The L.A. Study Away Program’s popularity has been steadily growing over the past 10 years; this summer alone, 79 students participated—the program’s largest summer cohort to date. That comes at a time when a national debate continues over whether unpaid interns are being exploited at the companies at which they are placed.
During the summer, two interns from other institutions filed suit against Fox Searchlight Pictures, claiming that rather than gaining relevant experience, they worked as office support staff, filing papers and fetching coffee. A federal district judge in New York ruled in favor of the interns, noting that it was Fox Searchlight that benefited from their work, which would have otherwise been performed by paid employees. Similar lawsuits followed.
Amy Olk, TFM ’05, internship coordinator for the L.A. program, says that safeguards are put in place to ensure that Temple students gain relevant industry experience.
“This program offers a safe context and built‐in support for students,” Olk explains.
All students must submit weekly internship journals that detail the activities in which they are involved. Olk and Selise Eiseman, SMC ’75, an internship administrator with the program, review the journals to track interns’ progress at their placements. In addition, employers at internships are required to sign a learning agreement, which explains how many hours a student can work per week and what types of activities he or she should be involved in.
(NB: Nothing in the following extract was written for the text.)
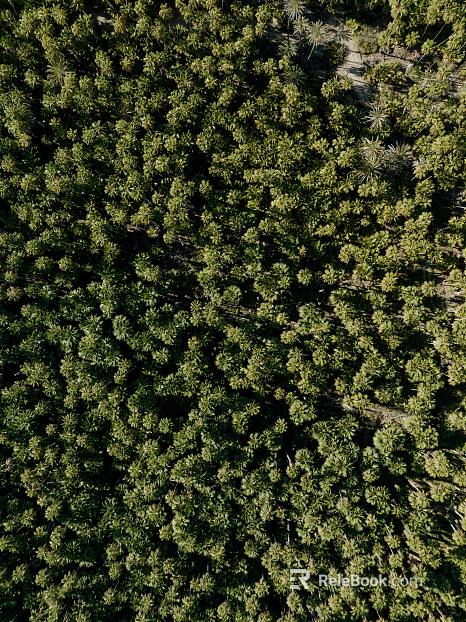 Wild Scenery texture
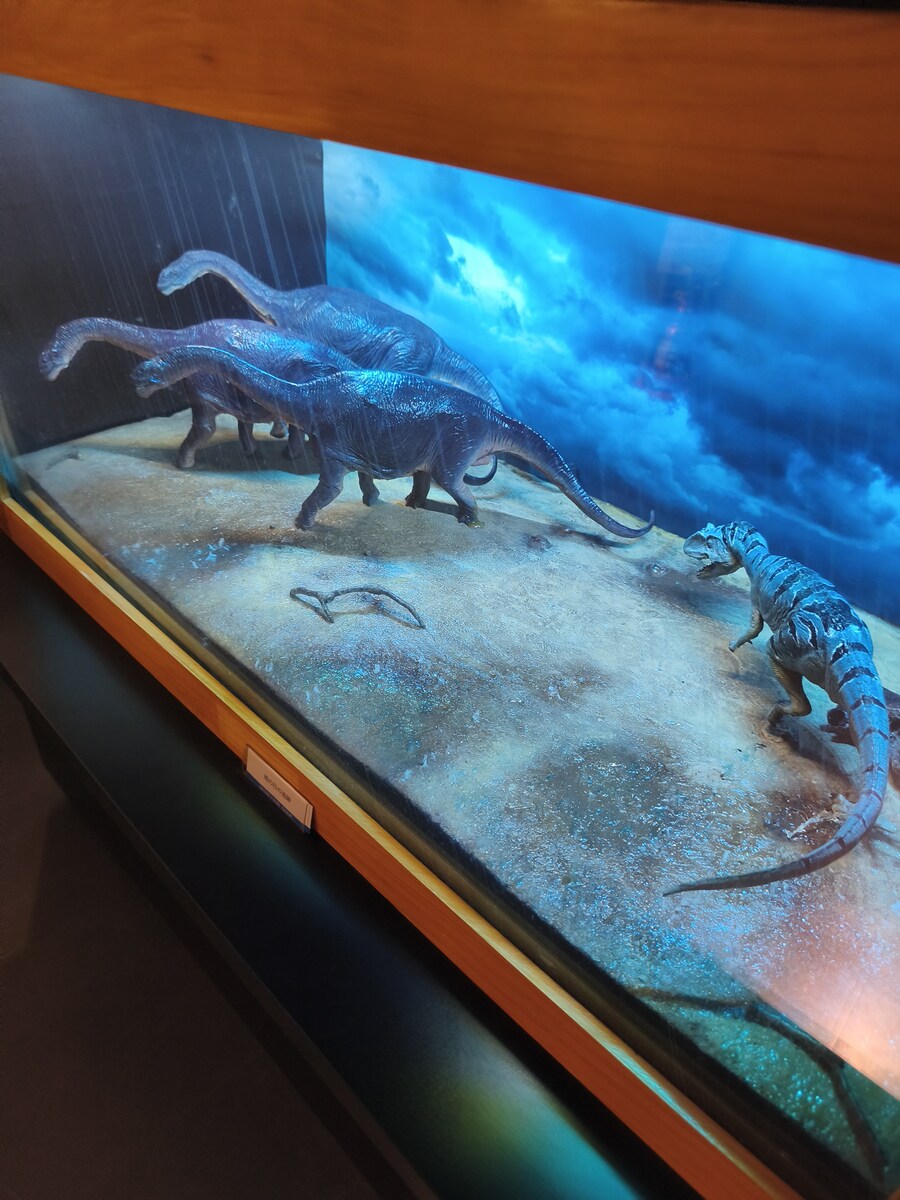 오사카 여행 2_69.jpg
There is an adage about the business: It is not what you know, but who you know. In addition to learning all they can through their internships, students are encouraged—by both faculty and the alumni with whom they work—to meet as many people as they can while in Los Angeles.
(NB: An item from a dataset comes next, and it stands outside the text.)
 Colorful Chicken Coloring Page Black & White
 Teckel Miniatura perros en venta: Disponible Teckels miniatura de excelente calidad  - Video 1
Through their internships, students have the chance to work with alumni who have been through the L.A. program themselves, such as Tim Heidecker, TFM ’98, and Eric Wareheim, TFM ’98, the duo behind the cult comedy series Tim and Eric, Awesome Show, Great Job! and Tim and Eric’s Billion Dollar Movie.
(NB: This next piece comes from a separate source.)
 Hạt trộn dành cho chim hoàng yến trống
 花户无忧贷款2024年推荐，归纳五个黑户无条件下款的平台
Volunteering at major industry events—such as the Los Angeles Film Festival and the Produced By Conference—also offers students a way to network. “All the people they want and need to connect with are there,” says Barber, who also is assistant professor of film and media arts.
Jamia Pugh, Class of 2015, a postproduction intern for a talent competition called The X Factor, had only been on the West Coast for a few weeks when she jumped at the opportunity to volunteer at the film festival.
“At one of the screenings, I spoke to [Academy Award‐winning actress] Octavia Spencer from The Help about what it’s like in show business,” says Pugh, a junior studying broadcasting, telecommunications and mass media. “She was very positive and gave me some good advice. She told me to keep going and not give up.”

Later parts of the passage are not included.